Oyy, çok uzadı ama bitiyor. Burcu'yu otogara bıraktık ve İstanbul'a yolculadık, eve döndük... Dün de süper ötesi mükellef bir kahvaltıyla güne başlayıp Urla'ya, Umman'a gittik Burak'la. Bildiğiniz (ya da bilmediğiniz) üzere Umman Olimpos'tan yeni taşındı bu taraflara; hatta beraber ev bakmıştık onunla. Evi çok güzel, kendisinin enerjisi acayip yükselmiş, tam kendini bulmuş sanki; kaza geçiren köpeği Çakıl(us) daha iyi ama epey acı çekiyor, kedisi Kum ise dün kendisine kuru mama verilmediği için Umman'a küs idi. Gitmişken Likya yolunda ihtiyaç halinde kullanmak üzere panço yağmurluğunu ve yine su geçirmeyen pantolonunu ödünç aldım ve İzmir'e geçtim. Arjin (Argın'ın yeni adı, tam alışamadım henüz) ile buluştuk, iki laklak ettik ve ondan da çadırını aldım ve eve döndüm. Akşam, yukarıda bahsettiğim ve 1-2 gün içinde kokusunu alacağınız etkinlikle ilgili birkaç detay netleşti bu arada...
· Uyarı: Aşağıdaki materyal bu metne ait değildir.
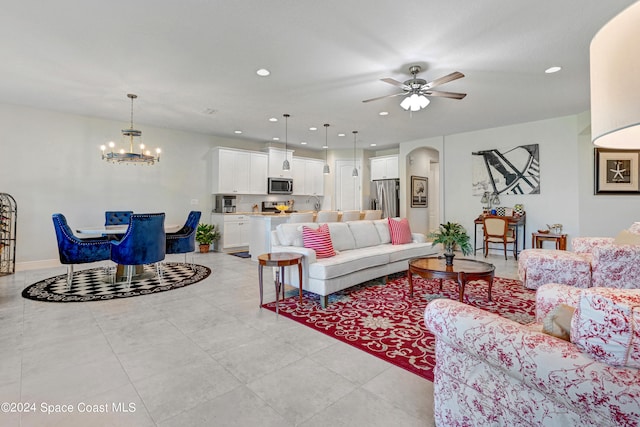 tiled living room featuring ceiling fan with notable chandelier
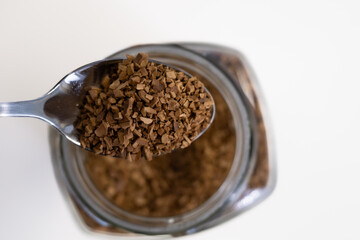 Close-up of instant coffee on a spoon ready to be mixed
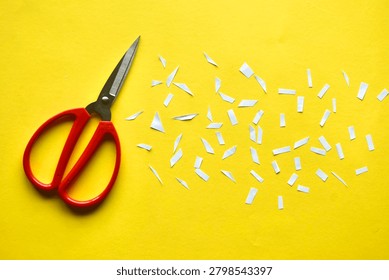 Flat lay of a pair of red-handled stainless steel scissors alongside numerous tiny scattered white paper scraps on a vibrant yellow paper surface.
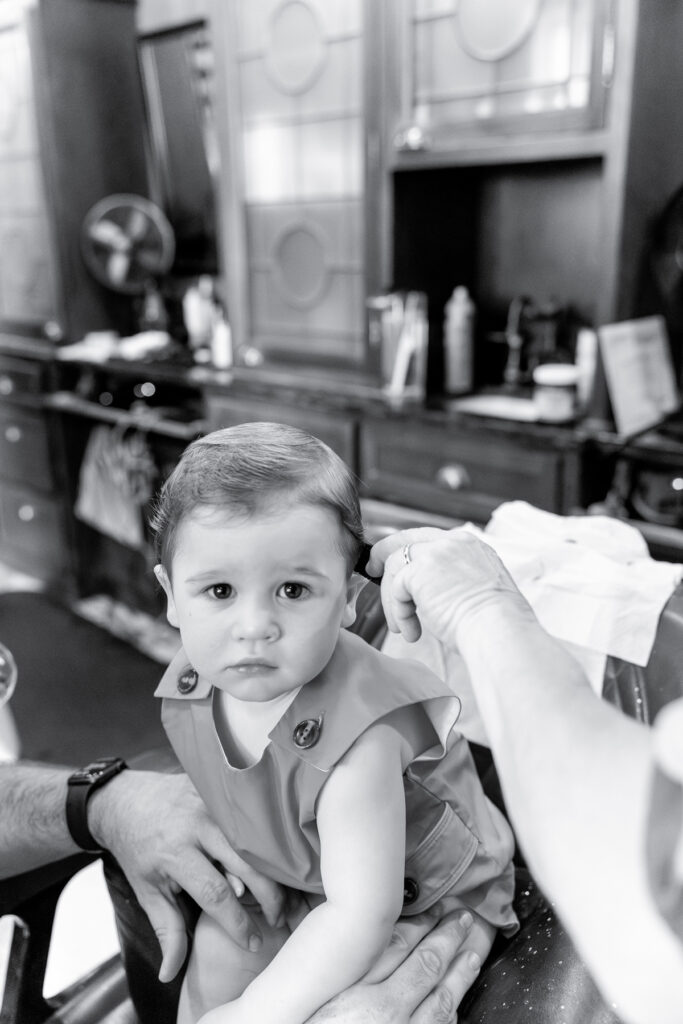 Tiffany Bradley, a Savannah Family Photographer, snaps a picture of her son during his first haircut.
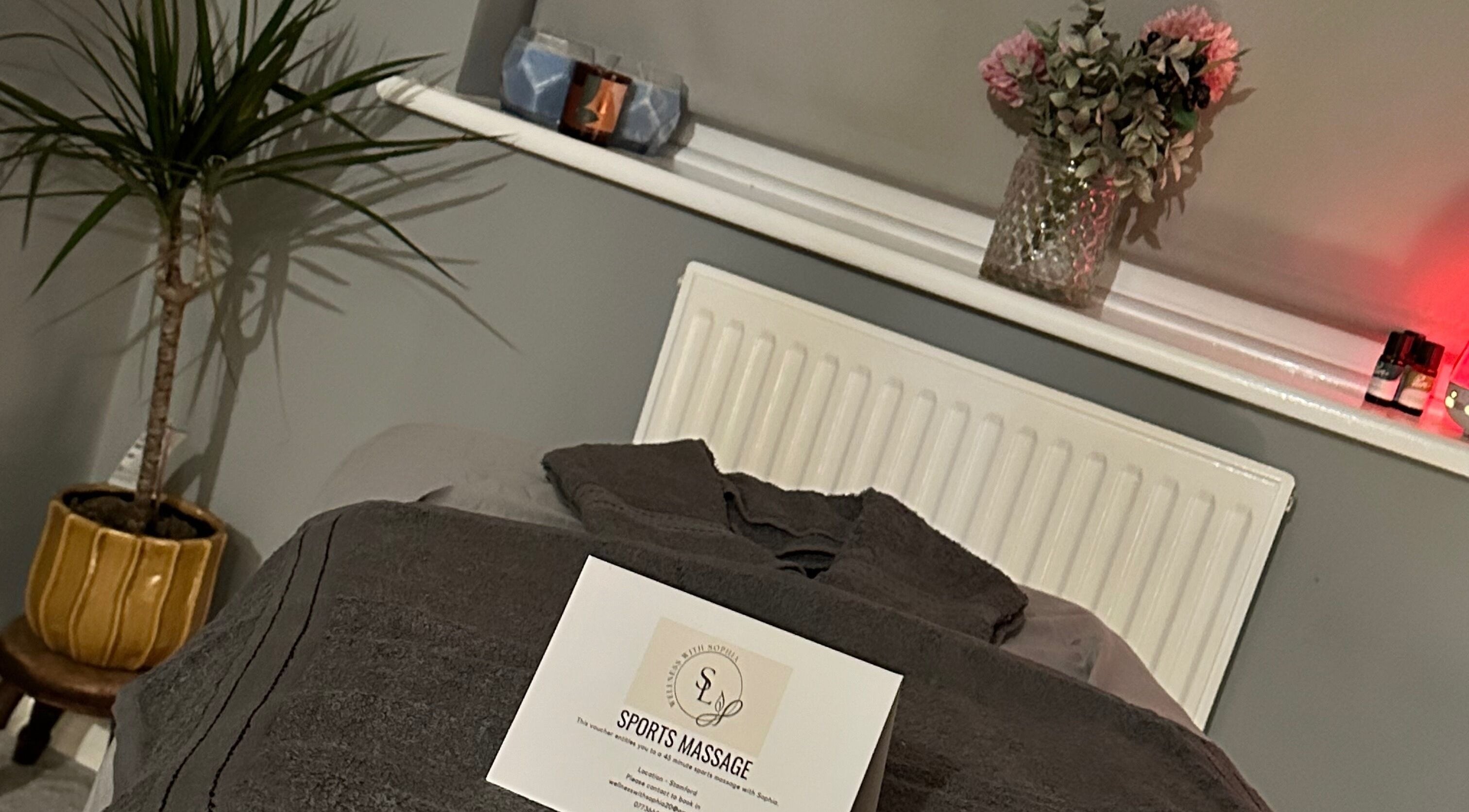 Cozy massage setup at Wellness With Sophia, Stamford, England with soft towels and calming decor.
Ehh bugün de kalktım, kahvaltı, duş vs. Birazdan SGK'ya gidip genel sağlık sigortamı başlatacağım, sonra yürüyüşle ilgili bir iki alışveriş yapıp döneceğim. Yarın yola düşüyorum, otostopla Patara'ya gidecek ve geçen yıl kaldığımız kamp alanına çadırı atacağım. Cumartesi günü diğer arkadaşlar da gelecek ve Pazar günü Kalkan-Kaş tarafına doğru yürümeye başlayacağız. Oradan Flora'nın bahar şenliğine geçerim, sonra da... Bakalım işte...

22 Nisan 2014 Salı

İtfaiyeci Sam

İlk kez, daha yazıya başlamadan yazının başlığı belli idi: İtfaiyeci Sam

Geçen hafta bugün Antalya'ya doğru yola çıktım. Annemler de Manavgat'a gidiyorlardı zaten, onlarla yola düşüp Manavgat'tan otostopa başladım.

Önce Erzurum-Tortum'lu iki çok genç çocuk (ehliyetleri bile yoktu) aldılar beni ve onlarla Serik'e kadar devam ettim. Otellerden hurda toplayarak geçimlerini sürdürüyorlarmış. Güzel insanlardı...

Sonra tur firmaları ile gelen turistlerin hava alanı - otel transferlerini yapan Ahmet abi Antalya'ya kadar attı beni. Değişik bir adamdı ama detaylara girip rencide etmeyeyim kendisini ((: Kendimden biraz bahsettiğimde, birçok diğer şoför gibi nasihat vermekten imtina etmedi: "Emreeee, Emreeee, olmaz öyle Emreeee, nereye kadar Emreeee..." şeklindeki cümleleri yetmiş sekizinci kez dinlemiş oldum, sayesinde. Bununla birlikte şöyle bir iş imkanından bahsetti ki bir süre çalışmaya karar versem veya -olmaz ya- zorunda kalsam, yapabileceğim bir işe benziyor: Üniversite mezunları -galiba- İşkur'un bir eğitimine katılıp sürücü kurslarında direksiyon eğitmenliği yapabiliyorlarmış ve ayda 1.500 TL falan kazanıyorlarmış. Aklımın bir köşesine yazdım valla, ne olur ne olmaz... ((: Buradan da başka ilgililere duyurmuş olayım.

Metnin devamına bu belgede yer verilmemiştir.